Justice of the Supreme Court of West Virginia
- In office Jun. 1, 1882 – Nov. 8, 1890
- Preceded by: James F. Patton
- Succeeded by: Homer A. Holt

Personal details
- Born: March 26, 1834 Highland County, Virginia
- Died: July 24, 1896 (aged 62) Lewisburg, West Virginia
- Party: Democratic
- Spouse: Henrietta Cary Mathews
- Alma mater: Washington College (Washington and Lee University)

= Adam Clarke Snyder =

American judge (1834–1896)

Adam Clarke Snyder (March 26, 1834 – July 24, 1896) was a justice of the West Virginia Supreme Court.

== Biography ==

Snyder was educated at Washington College (now Washington and Lee University) in Lexington, Virginia. He received a degree in law at the Lexington Law School. He married Henrietta Cary.

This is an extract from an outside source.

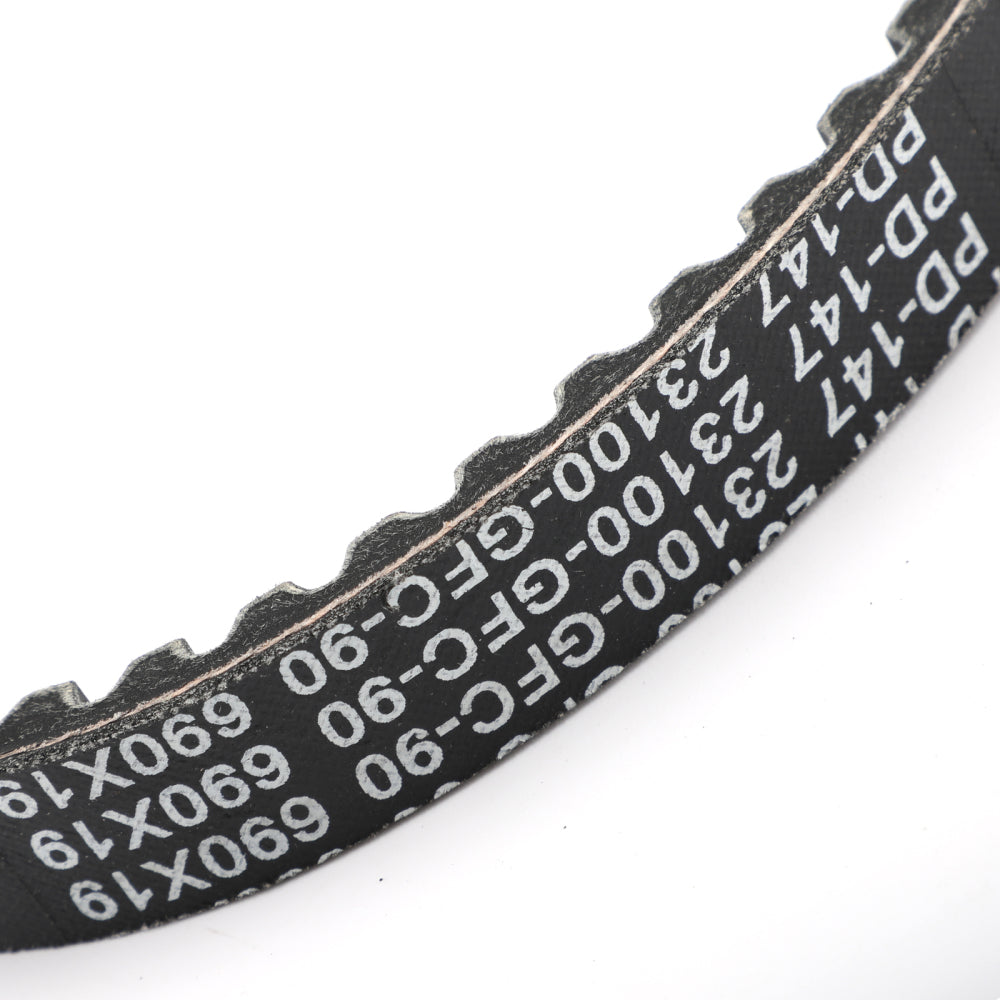 Getriebeantriebsgürtel für Honda Metropolitan NCH50 12-15 4-Takt-Scooter 23100-GFC-901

When the Civil War broke, he served with the 27th Virginia Volunteer Infantry (known as the 'Greenbrier Rifles') in the Confederate States Army, returning to his profession at law when the war was ended.

Snyder was a co-founder of the Bank of Lewisburg with Alexander F. Mathews and Homer A. Holt. The bank opened in 1781 and was the first official bank in the county.
In 1882 he was appointed to the Supreme Court of West Virginia to complete the term of Justice James F. Patton, who died in office. In 1884, Snyder was elected for the next full term, serving until 1890. He died in Lewisburg in 1896.